2. a "see-to-it" obligation, where the guarantor's obligation is to ensure that the principal will carry out the obligation. Failure of the principal to do so will automatically make the guarantor in breach of his contractual obligation, on which the creditor can sue.

The liabilities of a guarantor in law depend upon those of the principal debtor, and when the principal's obligations cease the guarantor's do too, except in certain cases where the discharge of the principal debtor is by the operation of the law. The co-extensive, secondary nature of the liability of the guarantor along with the fact that the guarantee is a contract to answer default, debt, or miscarriage; crucially differentiates the guarantee from an indemnity.
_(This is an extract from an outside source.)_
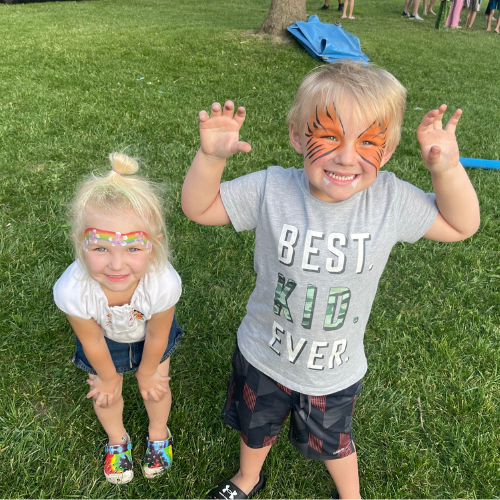 Boy and girl with face paint at family night out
If, for example, a person wrongly supposes that someone is liable to them, and a guarantee is given on that erroneous basis, the guarantee is invalid by virtue of the law of contracts, because its foundation (that another was liable) failed.
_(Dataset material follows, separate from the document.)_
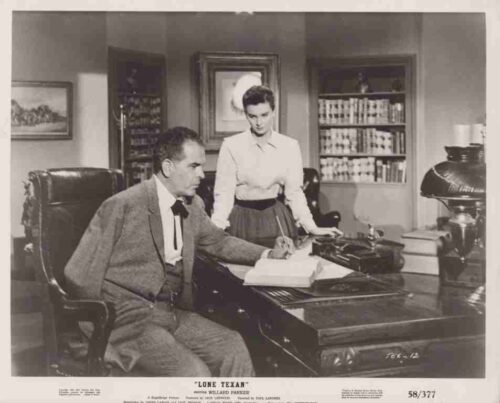 Man seated at an ornate desk signs a document while a woman in a blouse stands beside him in a 1940s-style office with bookshelves in the background .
No special phraseology is necessary to form a guarantee. What distinguishes a guarantee from insurance is not any difference between the words "insurance" and "guarantee", but the substance of the contract entered into by the parties.

The statutory requisites of a guarantee are, in England, prescribed firstly by the statute of frauds, which provides in section 4 that "no action shall be brought whereby to charge the defendant upon any special promise to answer for the debt, default or miscarriages of another person, unless the agreement upon which such action shall be brought, or some memorandum or note thereof, shall be in writing and signed by the party to be charged therewith, or some other person thereunto by him lawfully authorized". This in effect means that a guarantee is not invalid but are merely unenforceable through a chose in personam. The requirement for a signature in writing was clarified in Elpis Maritime Co v. Marti Chartering Co Inc (the "Maria D") [1992] 1 AC 21 and J Pereia Fernandes SA v. Mehta [2006] EWHC 813 (Ch). In the former, an agreement had been signed by a party purporting to have signed only as an agent, but this fact was considered insignificant. In the latter, it was held that a contract was enforceable either by written agreement signed by the guarantor or his agent OR; if the guarantee was oral, a separate note or memorandum of the agreement could make the guarantee similarly enforceable. In the former, the court held it was sufficient that it was written or printed by the guarantor, an initial within an email was sufficient but a standard header name in an email was not. The court believed that the minor action was sufficient to engage the Statute as it had long been held that a single fingerprint, or "X" was sufficient. The Electronic Communications Act 2000 created a power to issue statutory instruments to modify legislation so as to be congruent with modern use of electronic communications. This is congruent with Article 9 of the EU Directive on Electronic Commerce 2000, this specifically allowed exceptions to the 'in writing' requirement of a guarantee. It has even been held that clicking a button to confirm personal details sufficiently discharges the Statute of Frauds requirement.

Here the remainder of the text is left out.